Eso es lo inadmisible. Ignoro si los procesamientos de Gollán y Girard son correctos, pero el ámbito para que se demuestre que no lo son es el de las causas judiciales en las que están imputados, en las que disponen de un enorme arsenal de argumentos, planteos y recursos antes diversas instancias para ejercer su defensa.
Que los funcionarios procesados juren ante el gobernador que son inocentes es de una absoluta irrelevancia jurídica. Pero es preocupante que el gobernador, con el único antecedente de esos juramentos, pase a manifestar en un decreto que ellos son víctimas de una “persecución política, judicial y mediática”.
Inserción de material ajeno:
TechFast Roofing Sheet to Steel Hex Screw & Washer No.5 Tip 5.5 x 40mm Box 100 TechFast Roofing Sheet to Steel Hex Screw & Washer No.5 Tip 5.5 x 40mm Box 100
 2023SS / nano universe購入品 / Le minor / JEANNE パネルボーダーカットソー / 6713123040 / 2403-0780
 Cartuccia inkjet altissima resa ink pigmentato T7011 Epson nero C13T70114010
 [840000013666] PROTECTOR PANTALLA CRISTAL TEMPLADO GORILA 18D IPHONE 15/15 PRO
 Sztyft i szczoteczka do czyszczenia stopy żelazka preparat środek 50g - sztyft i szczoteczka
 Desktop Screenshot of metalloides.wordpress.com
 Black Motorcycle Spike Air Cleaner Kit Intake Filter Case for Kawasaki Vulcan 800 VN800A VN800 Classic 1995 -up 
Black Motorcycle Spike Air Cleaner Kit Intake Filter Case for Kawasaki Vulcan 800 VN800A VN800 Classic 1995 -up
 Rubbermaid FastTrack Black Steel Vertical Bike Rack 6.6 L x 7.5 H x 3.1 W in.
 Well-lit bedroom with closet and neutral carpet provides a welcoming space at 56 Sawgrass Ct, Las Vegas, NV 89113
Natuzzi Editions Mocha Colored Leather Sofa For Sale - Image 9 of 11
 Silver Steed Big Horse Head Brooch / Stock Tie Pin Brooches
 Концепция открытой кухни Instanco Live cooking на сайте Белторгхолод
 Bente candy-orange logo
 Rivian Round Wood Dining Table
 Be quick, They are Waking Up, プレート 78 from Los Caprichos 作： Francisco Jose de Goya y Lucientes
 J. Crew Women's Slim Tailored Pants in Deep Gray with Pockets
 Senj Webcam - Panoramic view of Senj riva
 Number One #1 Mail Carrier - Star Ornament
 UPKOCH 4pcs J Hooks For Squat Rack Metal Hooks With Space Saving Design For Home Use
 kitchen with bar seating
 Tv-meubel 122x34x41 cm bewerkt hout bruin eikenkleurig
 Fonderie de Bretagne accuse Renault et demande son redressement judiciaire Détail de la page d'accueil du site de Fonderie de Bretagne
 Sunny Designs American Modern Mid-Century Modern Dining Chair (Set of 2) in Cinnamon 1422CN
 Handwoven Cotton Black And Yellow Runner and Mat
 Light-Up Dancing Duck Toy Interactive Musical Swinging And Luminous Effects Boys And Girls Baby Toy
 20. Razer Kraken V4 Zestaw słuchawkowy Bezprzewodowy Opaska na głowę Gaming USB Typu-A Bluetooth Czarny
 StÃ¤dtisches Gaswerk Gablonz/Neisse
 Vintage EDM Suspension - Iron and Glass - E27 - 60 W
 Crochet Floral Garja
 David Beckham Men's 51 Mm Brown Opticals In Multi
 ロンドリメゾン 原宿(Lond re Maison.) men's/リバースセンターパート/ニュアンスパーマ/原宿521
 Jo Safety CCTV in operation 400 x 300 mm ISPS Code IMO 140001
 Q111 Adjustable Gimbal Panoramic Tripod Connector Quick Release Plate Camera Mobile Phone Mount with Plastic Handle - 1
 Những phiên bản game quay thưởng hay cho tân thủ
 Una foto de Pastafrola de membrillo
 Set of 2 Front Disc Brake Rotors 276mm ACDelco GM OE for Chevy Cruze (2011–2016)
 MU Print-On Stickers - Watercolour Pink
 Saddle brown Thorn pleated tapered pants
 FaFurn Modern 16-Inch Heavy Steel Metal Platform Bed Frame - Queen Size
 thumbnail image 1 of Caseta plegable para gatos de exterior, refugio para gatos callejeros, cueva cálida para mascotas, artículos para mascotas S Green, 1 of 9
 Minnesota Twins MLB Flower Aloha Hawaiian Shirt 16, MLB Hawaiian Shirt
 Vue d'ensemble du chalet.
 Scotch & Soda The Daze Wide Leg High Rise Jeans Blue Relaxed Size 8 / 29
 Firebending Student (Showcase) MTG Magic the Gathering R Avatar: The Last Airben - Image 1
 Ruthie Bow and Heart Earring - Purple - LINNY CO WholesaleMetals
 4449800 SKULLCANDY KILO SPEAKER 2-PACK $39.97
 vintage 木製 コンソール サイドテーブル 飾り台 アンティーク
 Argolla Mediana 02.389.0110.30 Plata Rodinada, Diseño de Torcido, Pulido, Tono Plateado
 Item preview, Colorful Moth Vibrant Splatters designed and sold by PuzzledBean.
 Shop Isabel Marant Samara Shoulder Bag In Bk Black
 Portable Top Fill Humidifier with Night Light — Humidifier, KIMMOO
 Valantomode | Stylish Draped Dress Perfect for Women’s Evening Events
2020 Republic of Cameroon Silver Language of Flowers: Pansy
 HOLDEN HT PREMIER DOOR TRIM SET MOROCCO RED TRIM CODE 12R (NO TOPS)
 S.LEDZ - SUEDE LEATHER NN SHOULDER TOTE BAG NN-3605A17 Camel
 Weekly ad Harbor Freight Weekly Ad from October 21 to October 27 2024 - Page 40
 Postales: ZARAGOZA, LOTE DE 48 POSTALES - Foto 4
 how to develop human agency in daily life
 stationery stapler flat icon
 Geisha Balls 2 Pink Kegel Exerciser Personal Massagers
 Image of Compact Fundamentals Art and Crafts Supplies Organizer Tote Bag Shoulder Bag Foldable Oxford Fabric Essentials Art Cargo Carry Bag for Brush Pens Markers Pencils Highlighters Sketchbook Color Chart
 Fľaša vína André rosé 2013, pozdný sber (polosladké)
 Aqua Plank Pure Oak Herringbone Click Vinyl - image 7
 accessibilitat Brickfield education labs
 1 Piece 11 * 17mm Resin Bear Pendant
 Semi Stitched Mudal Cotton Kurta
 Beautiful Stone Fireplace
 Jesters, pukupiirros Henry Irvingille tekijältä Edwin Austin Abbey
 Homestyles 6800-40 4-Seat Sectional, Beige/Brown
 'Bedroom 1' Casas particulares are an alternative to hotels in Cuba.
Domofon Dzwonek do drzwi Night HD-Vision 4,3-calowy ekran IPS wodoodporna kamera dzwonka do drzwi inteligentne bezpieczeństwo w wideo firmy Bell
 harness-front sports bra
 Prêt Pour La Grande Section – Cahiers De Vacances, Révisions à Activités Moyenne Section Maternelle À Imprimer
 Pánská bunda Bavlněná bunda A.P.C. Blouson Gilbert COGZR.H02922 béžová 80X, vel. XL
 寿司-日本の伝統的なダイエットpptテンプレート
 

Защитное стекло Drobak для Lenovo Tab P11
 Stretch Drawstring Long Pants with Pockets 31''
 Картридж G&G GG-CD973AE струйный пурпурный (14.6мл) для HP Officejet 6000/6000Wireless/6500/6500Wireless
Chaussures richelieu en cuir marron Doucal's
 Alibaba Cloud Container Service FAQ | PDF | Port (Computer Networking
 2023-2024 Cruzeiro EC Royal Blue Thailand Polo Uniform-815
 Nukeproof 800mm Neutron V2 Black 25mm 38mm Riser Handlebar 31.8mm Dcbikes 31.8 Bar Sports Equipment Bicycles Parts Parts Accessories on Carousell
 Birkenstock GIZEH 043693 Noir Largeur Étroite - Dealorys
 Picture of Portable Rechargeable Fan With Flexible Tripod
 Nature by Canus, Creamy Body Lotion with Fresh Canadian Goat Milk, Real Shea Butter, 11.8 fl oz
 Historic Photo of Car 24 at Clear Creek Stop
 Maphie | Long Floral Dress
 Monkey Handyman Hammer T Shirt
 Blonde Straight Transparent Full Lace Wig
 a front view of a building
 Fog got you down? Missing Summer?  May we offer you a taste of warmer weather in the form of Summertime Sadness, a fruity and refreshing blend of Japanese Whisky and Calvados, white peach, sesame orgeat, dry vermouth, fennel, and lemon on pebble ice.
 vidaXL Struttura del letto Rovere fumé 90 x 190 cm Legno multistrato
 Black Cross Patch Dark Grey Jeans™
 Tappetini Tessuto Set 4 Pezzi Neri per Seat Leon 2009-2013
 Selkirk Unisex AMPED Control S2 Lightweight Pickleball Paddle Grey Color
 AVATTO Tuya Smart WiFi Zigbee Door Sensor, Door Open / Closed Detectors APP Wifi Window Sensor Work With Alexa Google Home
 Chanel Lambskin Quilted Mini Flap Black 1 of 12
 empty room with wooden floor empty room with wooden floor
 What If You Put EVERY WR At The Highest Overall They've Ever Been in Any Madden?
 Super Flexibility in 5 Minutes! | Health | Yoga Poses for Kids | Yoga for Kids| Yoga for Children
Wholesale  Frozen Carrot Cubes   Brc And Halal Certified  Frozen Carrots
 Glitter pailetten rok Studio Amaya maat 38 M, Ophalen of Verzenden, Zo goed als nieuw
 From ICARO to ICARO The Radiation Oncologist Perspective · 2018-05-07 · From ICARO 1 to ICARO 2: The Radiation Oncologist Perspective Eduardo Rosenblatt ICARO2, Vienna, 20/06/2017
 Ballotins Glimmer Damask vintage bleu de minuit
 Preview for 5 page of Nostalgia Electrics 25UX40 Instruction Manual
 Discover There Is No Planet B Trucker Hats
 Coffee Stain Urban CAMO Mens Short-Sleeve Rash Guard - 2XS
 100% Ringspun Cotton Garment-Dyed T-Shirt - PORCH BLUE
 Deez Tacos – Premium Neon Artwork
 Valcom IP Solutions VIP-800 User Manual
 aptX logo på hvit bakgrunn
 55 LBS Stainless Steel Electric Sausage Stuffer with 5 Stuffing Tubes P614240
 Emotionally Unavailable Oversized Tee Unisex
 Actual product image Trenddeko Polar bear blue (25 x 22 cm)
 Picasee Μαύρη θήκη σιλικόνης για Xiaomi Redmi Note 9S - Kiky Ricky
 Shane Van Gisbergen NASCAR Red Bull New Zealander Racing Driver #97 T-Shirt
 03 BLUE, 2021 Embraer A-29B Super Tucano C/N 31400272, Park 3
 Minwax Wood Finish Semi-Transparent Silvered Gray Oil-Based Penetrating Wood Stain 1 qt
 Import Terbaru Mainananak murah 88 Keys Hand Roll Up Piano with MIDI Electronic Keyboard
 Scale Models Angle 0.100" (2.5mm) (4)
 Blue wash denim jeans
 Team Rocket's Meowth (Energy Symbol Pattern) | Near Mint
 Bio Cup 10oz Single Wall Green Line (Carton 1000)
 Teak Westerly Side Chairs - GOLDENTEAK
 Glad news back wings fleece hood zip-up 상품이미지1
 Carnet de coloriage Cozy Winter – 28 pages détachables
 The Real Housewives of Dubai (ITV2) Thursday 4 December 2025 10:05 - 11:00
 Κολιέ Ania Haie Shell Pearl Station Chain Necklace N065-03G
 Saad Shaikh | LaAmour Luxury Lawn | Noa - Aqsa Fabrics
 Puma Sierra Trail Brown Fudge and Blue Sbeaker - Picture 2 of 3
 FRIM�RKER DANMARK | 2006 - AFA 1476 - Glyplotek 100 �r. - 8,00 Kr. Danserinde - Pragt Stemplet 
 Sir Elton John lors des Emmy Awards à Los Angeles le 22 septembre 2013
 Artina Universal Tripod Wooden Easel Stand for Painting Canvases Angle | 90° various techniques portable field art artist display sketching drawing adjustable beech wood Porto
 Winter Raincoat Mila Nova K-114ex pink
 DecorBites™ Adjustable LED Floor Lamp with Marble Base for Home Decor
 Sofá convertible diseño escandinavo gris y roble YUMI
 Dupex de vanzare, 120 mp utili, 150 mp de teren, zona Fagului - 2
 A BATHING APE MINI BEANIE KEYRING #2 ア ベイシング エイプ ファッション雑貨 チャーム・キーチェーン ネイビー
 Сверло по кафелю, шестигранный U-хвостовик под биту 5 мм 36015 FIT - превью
Hubiera sido improcedente en cualquier caso, pero lo es más cuando se trata de una afirmación puramente dogmática, ya que no nos aporta a quienes leemos el decreto ningún elemento que permita siquiera sospechar que esa conspiración tenga algún viso de seriedad.
Otros defensores públicos del decreto han expresado que tales considerandos son solo de carácter político y que los decretos muchas veces se fundan en razones políticas, o, como suele decirse, de oportunidad, mérito y conveniencia. Que los decretos de un gobernador tengan un contenido político es una perogrullada que no permite justificar cuál es la vinculación en estos decretos específicos de los fundamentos de la polémica con la parte dispositiva.
En cuanto al cacareado “lawfare”, si significa que a lo largo de la historia muchas veces los tribunales han sido usados para la persecución política, es una obviedad que no necesitaba de ningún neologismo. El problema es el carácter arbitrario y sesgado con que se usa ese concepto. Por un lado, nada se dice del “lawfare” que perjudica a los adversarios ideológicos; por otro, respecto de los compañeros o camaradas, es empleado como un bill de indemnidad. Por definición, si se investiga a uno de los nuestros, es una persecución política. Que haya acumulado, por ejemplo, una fortuna de origen inexplicable en su paso por la función pública, es solo un detalle intrascendente.
Los insólitos considerandos de los decretos de Kicillof no son solo un grosero error técnico. Indican un grave desprecio por el Estado de Derecho que desmienten en los hechos las loables palabras en defensa de la independencia judicial que el flamante presidente de la Nación pronunció en su discurso inaugural. Al tomarle el juramento a sus ministros, el gobernador señaló: “Quiero un gobierno solidario, pero sobre todo militante”. Él dio el ejemplo al inaugurar acaso una nueva categoría de decretos: los decretos militantes.